__DIRECTIONS__.
Only one stretch of the data should be retyped: the lines from the line containing "Irenare 48 Pcs" through the line containing "Man touching an apps concept". Keep pictures out of it.

__INFORMATION GIVEN__.

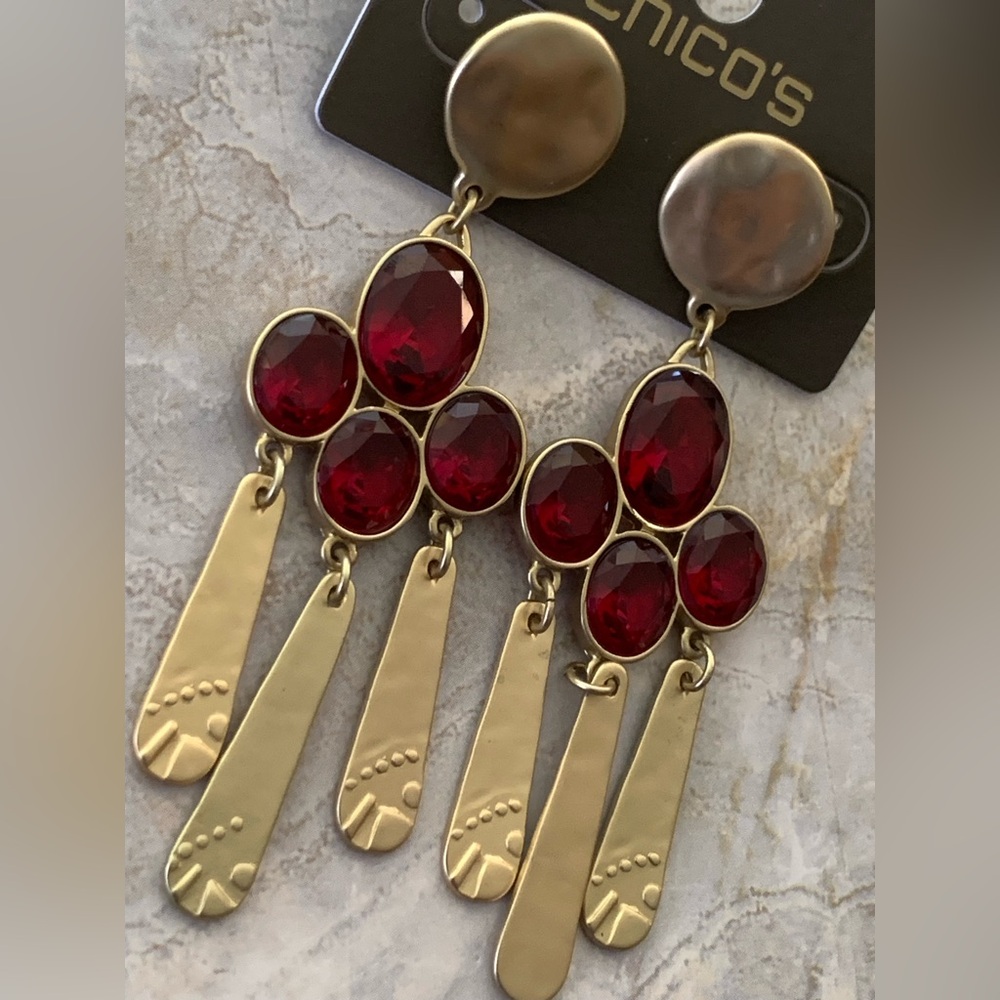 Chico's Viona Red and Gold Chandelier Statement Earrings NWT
* * *
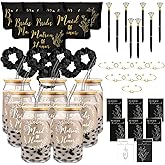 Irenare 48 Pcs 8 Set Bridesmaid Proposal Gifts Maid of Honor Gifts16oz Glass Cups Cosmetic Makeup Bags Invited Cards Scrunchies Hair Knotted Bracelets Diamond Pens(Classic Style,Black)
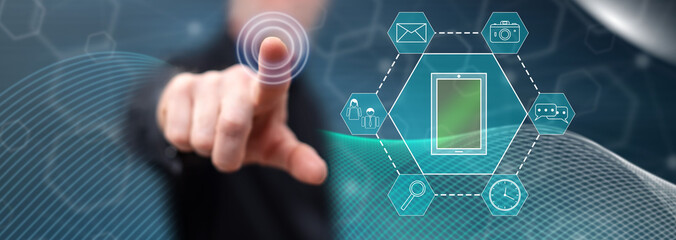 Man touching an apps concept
* * *
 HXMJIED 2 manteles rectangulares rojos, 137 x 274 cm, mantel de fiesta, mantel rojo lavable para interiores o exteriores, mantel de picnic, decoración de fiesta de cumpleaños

__FINISHED TASK__.
 Irenare 48 Pcs 8 Set Bridesmaid Proposal Gifts Maid of Honor Gifts16oz Glass Cups Cosmetic Makeup Bags Invited Cards Scrunchies Hair Knotted Bracelets Diamond Pens(Classic Style,Black)
 Man touching an apps concept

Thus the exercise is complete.